GIVEN DATA:
■ ■ ■ ■ ■ ■ ■

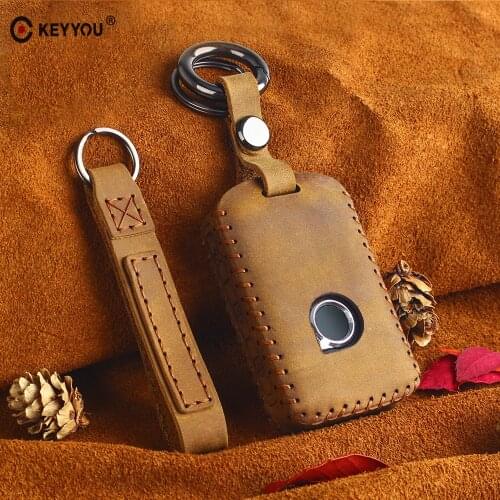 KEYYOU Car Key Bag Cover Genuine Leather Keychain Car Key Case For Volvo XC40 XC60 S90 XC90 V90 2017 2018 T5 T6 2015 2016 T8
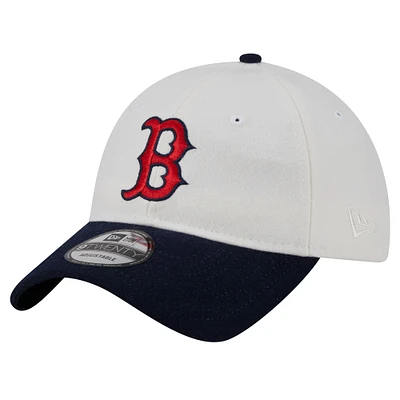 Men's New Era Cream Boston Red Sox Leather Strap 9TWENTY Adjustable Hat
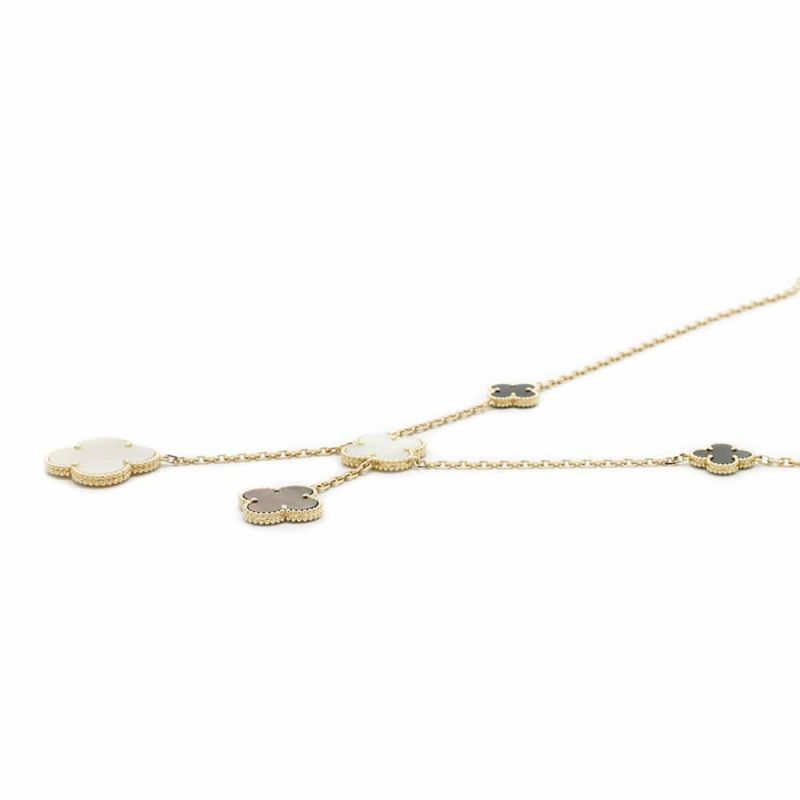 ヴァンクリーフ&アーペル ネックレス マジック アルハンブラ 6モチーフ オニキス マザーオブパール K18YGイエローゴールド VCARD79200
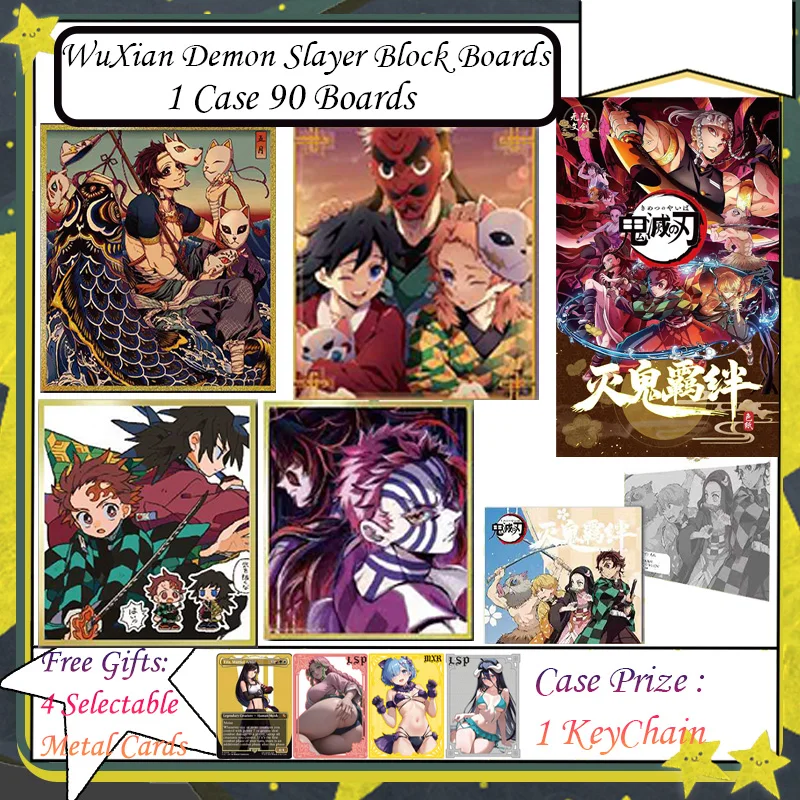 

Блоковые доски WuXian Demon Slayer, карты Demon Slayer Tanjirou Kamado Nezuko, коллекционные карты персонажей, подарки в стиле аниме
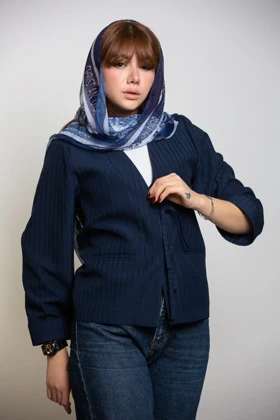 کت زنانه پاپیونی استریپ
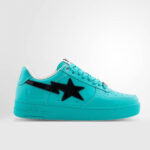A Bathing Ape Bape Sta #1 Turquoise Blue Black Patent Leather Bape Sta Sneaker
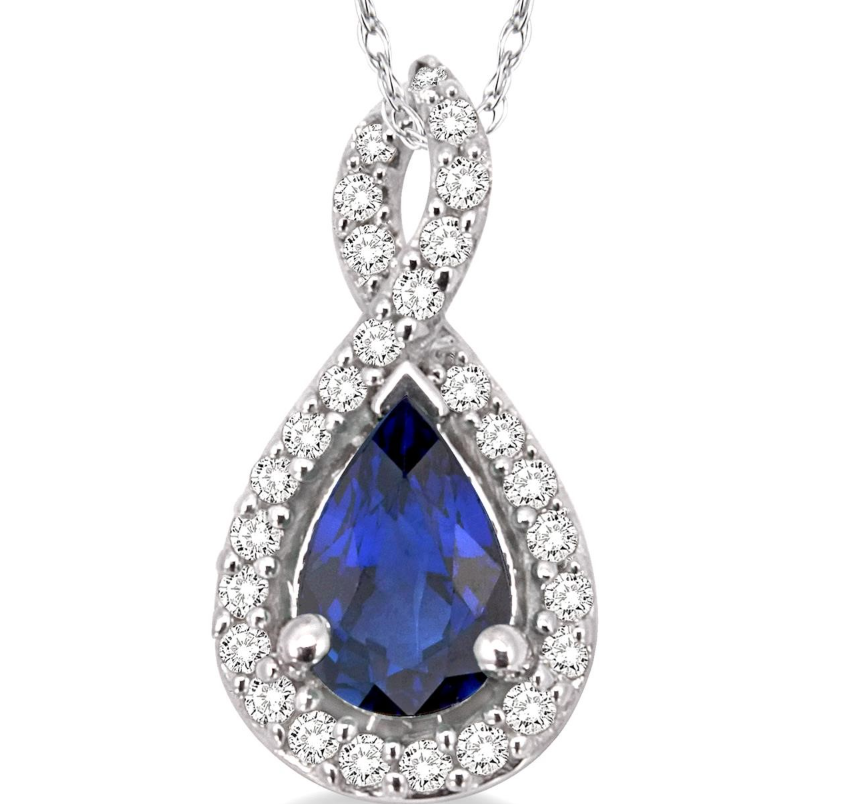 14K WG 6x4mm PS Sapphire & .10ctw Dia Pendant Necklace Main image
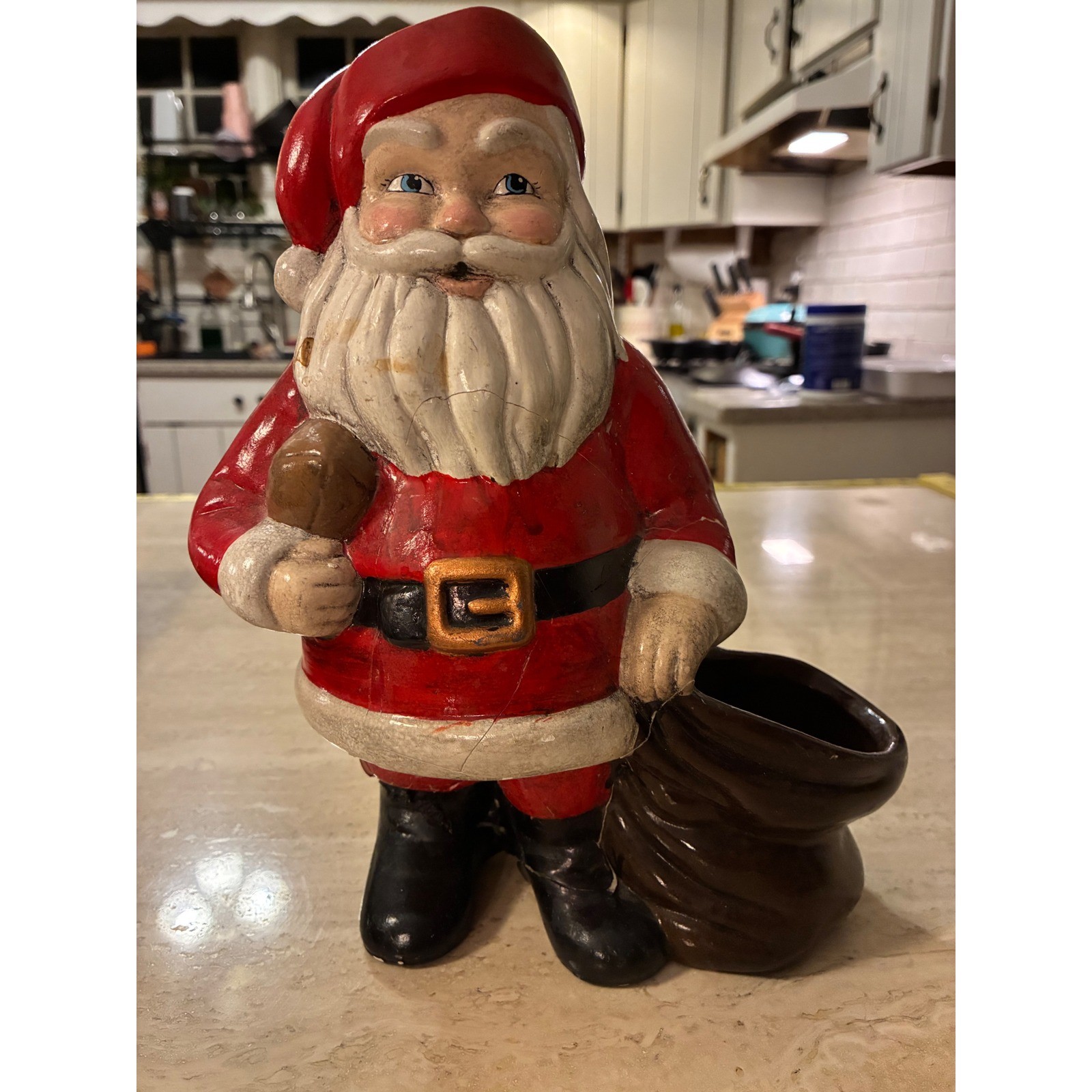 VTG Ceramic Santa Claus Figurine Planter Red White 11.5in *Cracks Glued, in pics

■ ■ ■ ■ ■ ■ ■

EXERCISE GOAL:
Could you transcribe all of the data exactly and omit the pictures?

FINAL ANSWER:
 KEYYOU Car Key Bag Cover Genuine Leather Keychain Car Key Case For Volvo XC40 XC60 S90 XC90 V90 2017 2018 T5 T6 2015 2016 T8
 Men's New Era Cream Boston Red Sox Leather Strap 9TWENTY Adjustable Hat
 ヴァンクリーフ&アーペル ネックレス マジック アルハンブラ 6モチーフ オニキス マザーオブパール K18YGイエローゴールド VCARD79200

Блоковые доски WuXian Demon Slayer, карты Demon Slayer Tanjirou Kamado Nezuko, коллекционные карты персонажей, подарки в стиле аниме
 کت زنانه پاپیونی استریپ
A Bathing Ape Bape Sta #1 Turquoise Blue Black Patent Leather Bape Sta Sneaker
 14K WG 6x4mm PS Sapphire & .10ctw Dia Pendant Necklace Main image
 VTG Ceramic Santa Claus Figurine Planter Red White 11.5in *Cracks Glued, in pics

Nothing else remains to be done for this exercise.